I then thought of how many other patients are faced with the same situation (and potential risks), not just in the UK but worldwide and I related this experience to Mark Neuenschwander(2), a world leading authority on bar coding and evangelist for patient safety. He said that it reminded him of a chapter from the children’s classic The Owl at Home entitled “Tear-Water Tea”. Owl decides to make tear-water tea. So he puts a teapot on his lap and thinks of very sad things. The resulting tears start to fill the pot. He thinks of books that will never be read, pencils that are too short to use and left over mashed potatoes that will never be eaten. Mark then wondered about bar codes that will never be scanned and added, “that would have filled Owl’s pot to overflowing”. Rather poignant as I was having to drink lots of fluids, including tea, to clear the ‘twinkly patterns’ but in reality we need to use them.”

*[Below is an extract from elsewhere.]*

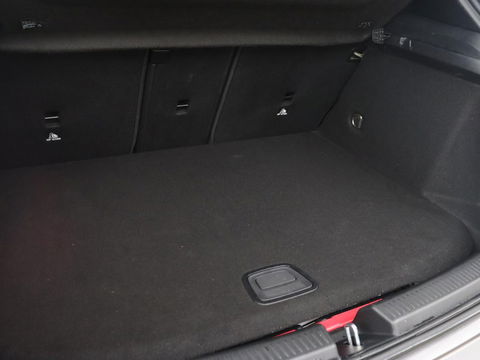 Mercedes-Benz A-Klasse 250e Business Solution Luxury | Leder | Trekhaak | Stoelverwarming | Camera | Sfeerverlichting | Navigatie | Park Assist | Full LED | Widescreen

There are so many benefits to UDI (Unique Device Identification) using bar codes containing GTINs (Global Trade Item Numbers) based on Global Standards (GS1); not just patient safety but supply chain efficiency, product traceability, EHR (Electronic Healthcare Records), anti-counterfeiting, reimbursement, cross border trading, authentication, eCommerce, etc.
Now, with a new European Directive ‘patient rights on cross border healthcare’, does this strengthen the need for EU wide standardisation for UDI using Global Standards (not local standards)? Just consider the following from the Directive; The Commission shall adopt measures to facilitate the correct identification of medicinal products or medical devices. Is this another step towards EU (European Union) wide standardised UDI? In today’s healthcare environment, Patient Safety has to be at the forefront of everyone’s thoughts and bar coding [UDI] is a technology that is proven and will help with this global initiative, as long as global standards are used.
I just hope that bar coding doesn’t remain in everyone’s peripheral vision but comes sharply into focus.
– Mike Kreuzer
Chairman of the Eucomed Taskforce on E-Business and Supply Chain Management (ETF)
(1) Eucomed ETF Task Force was established in June 2000 and in recent years has focused on the increasing needs, developments, policy and implementation of UDI. Read more
(2) On December 7th 2010 the Institute of Safe Medication Practitioners (ISMP) presented Mark Neuenschwander with their 10th Lifetime Achievement Award for his extraordinary contributions to medication safety.